> BRIEF: Locate the line bearing "Posh Pro Max" in the material below, then reproduce it and each following line up to and including the line bearing "スティーヴ・ミラー・バンド紙ジャケCD、他 ロックCD BOXまとめて入荷".

> EXCERPTED RECORDS:
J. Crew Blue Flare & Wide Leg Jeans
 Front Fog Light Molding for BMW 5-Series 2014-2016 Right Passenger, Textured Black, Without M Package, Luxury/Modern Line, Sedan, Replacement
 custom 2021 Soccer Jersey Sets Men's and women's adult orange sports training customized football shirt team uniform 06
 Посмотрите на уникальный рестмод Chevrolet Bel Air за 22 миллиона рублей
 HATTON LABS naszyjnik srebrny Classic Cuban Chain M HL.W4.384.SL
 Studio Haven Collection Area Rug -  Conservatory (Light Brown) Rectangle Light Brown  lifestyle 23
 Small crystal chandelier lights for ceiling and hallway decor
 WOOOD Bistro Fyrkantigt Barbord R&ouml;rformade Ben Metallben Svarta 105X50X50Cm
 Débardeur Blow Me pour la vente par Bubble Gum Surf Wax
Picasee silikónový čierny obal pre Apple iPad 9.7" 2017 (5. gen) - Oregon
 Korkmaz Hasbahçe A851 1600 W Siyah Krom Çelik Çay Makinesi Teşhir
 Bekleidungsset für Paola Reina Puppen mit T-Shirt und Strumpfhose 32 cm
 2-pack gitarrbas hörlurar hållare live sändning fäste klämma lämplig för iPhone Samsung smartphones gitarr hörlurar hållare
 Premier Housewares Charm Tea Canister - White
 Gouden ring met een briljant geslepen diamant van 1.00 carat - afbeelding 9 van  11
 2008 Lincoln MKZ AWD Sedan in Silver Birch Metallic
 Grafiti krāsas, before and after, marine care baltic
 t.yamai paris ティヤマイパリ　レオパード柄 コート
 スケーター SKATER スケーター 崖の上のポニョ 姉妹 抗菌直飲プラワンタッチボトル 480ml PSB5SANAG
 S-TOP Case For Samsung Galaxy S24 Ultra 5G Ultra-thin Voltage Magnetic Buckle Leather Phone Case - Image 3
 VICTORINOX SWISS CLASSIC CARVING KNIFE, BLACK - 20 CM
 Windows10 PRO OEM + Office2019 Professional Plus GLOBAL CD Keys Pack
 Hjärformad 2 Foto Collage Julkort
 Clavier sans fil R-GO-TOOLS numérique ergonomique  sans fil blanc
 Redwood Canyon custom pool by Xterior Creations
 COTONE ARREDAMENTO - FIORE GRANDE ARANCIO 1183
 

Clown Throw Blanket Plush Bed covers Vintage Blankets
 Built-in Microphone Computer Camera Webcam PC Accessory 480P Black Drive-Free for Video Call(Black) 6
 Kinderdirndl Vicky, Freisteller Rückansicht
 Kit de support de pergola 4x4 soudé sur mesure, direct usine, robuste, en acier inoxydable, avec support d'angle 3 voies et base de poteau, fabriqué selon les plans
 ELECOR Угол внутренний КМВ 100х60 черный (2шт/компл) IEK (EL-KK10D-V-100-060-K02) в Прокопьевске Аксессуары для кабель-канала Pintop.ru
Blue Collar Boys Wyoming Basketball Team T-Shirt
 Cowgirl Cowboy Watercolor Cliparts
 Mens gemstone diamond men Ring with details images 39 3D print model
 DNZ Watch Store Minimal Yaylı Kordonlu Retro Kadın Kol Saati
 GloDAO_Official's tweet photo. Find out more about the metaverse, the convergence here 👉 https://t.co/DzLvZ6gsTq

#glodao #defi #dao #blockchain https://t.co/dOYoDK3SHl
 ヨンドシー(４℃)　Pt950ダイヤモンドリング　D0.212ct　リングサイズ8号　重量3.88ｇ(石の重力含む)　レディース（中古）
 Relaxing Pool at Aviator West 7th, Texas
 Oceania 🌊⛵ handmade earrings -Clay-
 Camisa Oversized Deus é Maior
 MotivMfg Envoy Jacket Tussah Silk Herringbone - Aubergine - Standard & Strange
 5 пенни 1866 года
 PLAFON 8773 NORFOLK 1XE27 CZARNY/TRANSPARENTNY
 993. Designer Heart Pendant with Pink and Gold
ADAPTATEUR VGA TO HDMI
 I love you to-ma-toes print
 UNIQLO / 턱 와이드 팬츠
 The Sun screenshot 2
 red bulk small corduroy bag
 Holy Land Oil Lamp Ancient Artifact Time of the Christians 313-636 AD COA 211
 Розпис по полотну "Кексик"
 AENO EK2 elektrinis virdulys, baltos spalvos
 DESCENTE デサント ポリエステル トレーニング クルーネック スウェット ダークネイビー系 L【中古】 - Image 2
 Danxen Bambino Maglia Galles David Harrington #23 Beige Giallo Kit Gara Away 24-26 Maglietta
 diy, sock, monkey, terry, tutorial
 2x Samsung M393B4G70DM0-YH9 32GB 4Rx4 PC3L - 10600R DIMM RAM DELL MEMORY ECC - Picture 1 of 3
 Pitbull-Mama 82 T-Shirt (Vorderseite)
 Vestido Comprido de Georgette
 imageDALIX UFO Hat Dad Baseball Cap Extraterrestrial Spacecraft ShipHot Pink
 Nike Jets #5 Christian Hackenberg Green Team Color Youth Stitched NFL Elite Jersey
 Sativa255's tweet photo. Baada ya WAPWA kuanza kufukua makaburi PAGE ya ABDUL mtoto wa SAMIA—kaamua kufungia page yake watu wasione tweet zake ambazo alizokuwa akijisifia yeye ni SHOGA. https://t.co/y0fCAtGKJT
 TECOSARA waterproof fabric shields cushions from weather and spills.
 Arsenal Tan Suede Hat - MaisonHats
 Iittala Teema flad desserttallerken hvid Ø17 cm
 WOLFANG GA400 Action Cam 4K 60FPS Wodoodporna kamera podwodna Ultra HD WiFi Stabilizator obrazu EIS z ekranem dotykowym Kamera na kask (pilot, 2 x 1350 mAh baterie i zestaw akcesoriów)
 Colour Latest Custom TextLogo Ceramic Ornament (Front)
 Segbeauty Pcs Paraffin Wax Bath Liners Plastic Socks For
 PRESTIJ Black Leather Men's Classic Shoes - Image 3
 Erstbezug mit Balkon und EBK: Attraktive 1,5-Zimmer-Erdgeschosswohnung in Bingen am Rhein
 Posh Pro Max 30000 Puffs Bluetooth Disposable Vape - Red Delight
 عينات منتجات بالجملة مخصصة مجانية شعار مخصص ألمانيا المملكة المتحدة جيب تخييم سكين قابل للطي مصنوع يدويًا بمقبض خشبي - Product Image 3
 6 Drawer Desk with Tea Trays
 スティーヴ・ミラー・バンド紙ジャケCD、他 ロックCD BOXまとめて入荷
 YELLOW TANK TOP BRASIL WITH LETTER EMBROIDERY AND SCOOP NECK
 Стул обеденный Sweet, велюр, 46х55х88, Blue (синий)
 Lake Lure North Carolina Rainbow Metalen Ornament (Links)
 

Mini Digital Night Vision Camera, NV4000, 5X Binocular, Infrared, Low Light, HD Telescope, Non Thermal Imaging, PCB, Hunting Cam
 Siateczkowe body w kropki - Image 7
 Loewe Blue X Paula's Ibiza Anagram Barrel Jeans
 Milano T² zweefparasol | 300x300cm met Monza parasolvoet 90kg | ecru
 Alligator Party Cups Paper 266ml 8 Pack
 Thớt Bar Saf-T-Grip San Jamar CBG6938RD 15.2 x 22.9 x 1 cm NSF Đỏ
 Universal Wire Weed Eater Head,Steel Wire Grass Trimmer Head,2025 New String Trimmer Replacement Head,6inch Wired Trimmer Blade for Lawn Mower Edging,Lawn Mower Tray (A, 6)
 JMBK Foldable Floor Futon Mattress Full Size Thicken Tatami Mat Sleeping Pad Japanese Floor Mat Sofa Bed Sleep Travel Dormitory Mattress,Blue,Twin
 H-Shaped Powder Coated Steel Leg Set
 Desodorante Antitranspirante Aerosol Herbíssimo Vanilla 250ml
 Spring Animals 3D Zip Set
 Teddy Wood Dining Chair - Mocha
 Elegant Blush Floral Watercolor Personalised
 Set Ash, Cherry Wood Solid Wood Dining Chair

> SOLVED PROBLEM:
 Posh Pro Max 30000 Puffs Bluetooth Disposable Vape - Red Delight
 عينات منتجات بالجملة مخصصة مجانية شعار مخصص ألمانيا المملكة المتحدة جيب تخييم سكين قابل للطي مصنوع يدويًا بمقبض خشبي - Product Image 3
 6 Drawer Desk with Tea Trays
 スティーヴ・ミラー・バンド紙ジャケCD、他 ロックCD BOXまとめて入荷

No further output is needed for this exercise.